■ **WORK REQUIRED**: The entries below contain pictures, which are to be left out; write out exactly, and only, the lines from the line with "[18+] Khế Ước Eros - Chap 8 - Trang 3" up to and including the line with "Fisher-Price get little".

■ **EXTRACTED DATA**:
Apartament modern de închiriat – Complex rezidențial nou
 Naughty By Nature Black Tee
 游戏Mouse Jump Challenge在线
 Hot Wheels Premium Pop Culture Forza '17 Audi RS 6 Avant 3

...

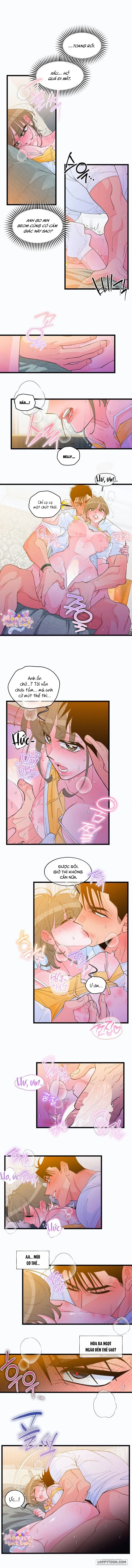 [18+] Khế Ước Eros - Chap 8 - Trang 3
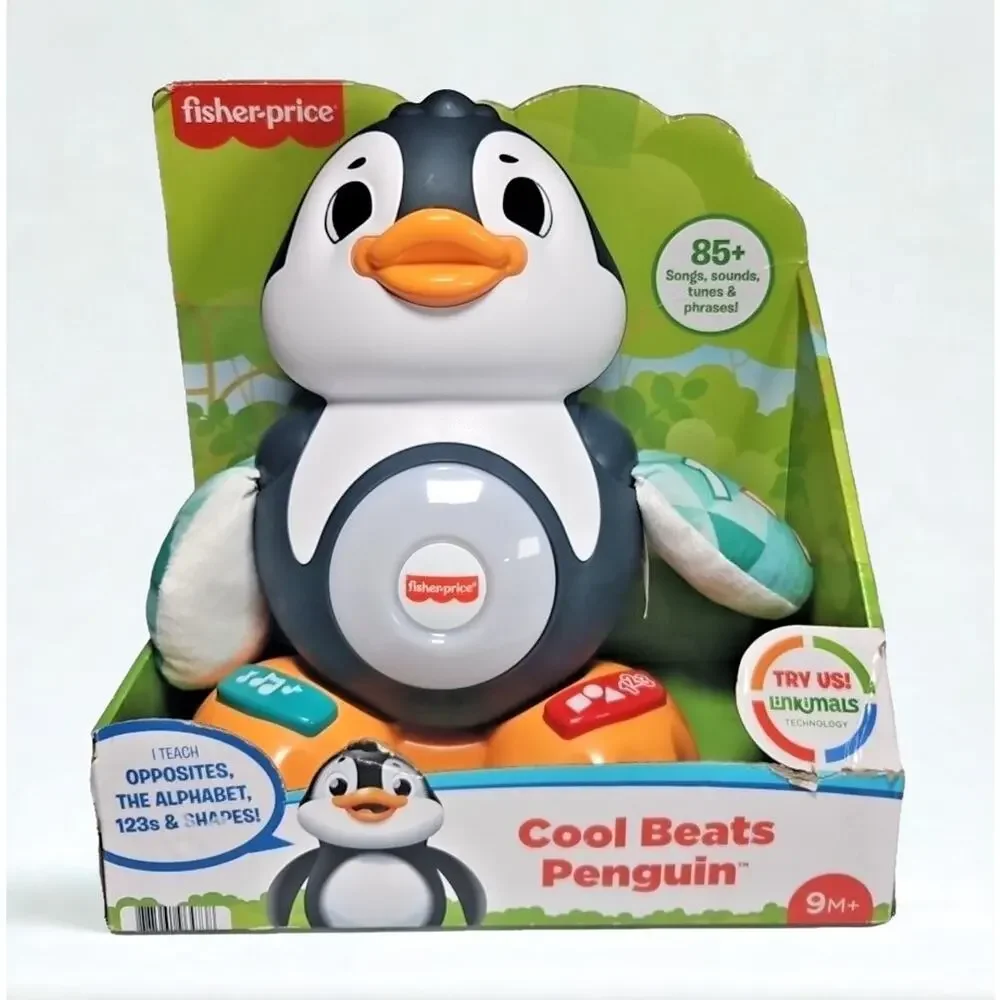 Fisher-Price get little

...

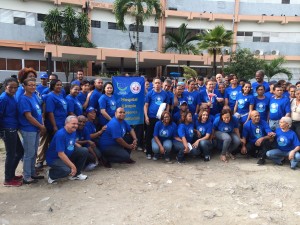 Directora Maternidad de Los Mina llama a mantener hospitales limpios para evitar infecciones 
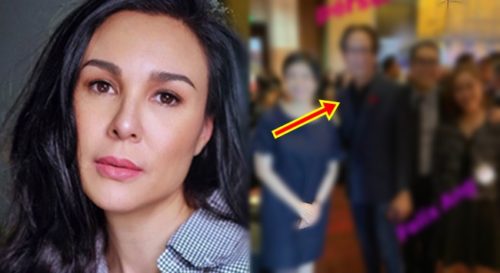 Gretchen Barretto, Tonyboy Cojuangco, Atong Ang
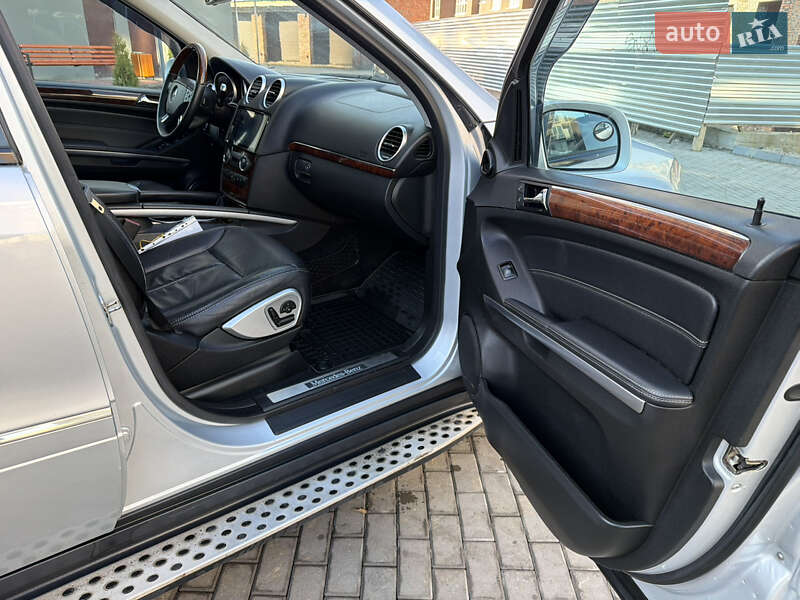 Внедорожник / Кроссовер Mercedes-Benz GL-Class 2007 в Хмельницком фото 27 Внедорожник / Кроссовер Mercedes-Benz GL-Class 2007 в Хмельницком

■ **ANSWER TO THIS TASK**:
 [18+] Khế Ước Eros - Chap 8 - Trang 3
 Fisher-Price get little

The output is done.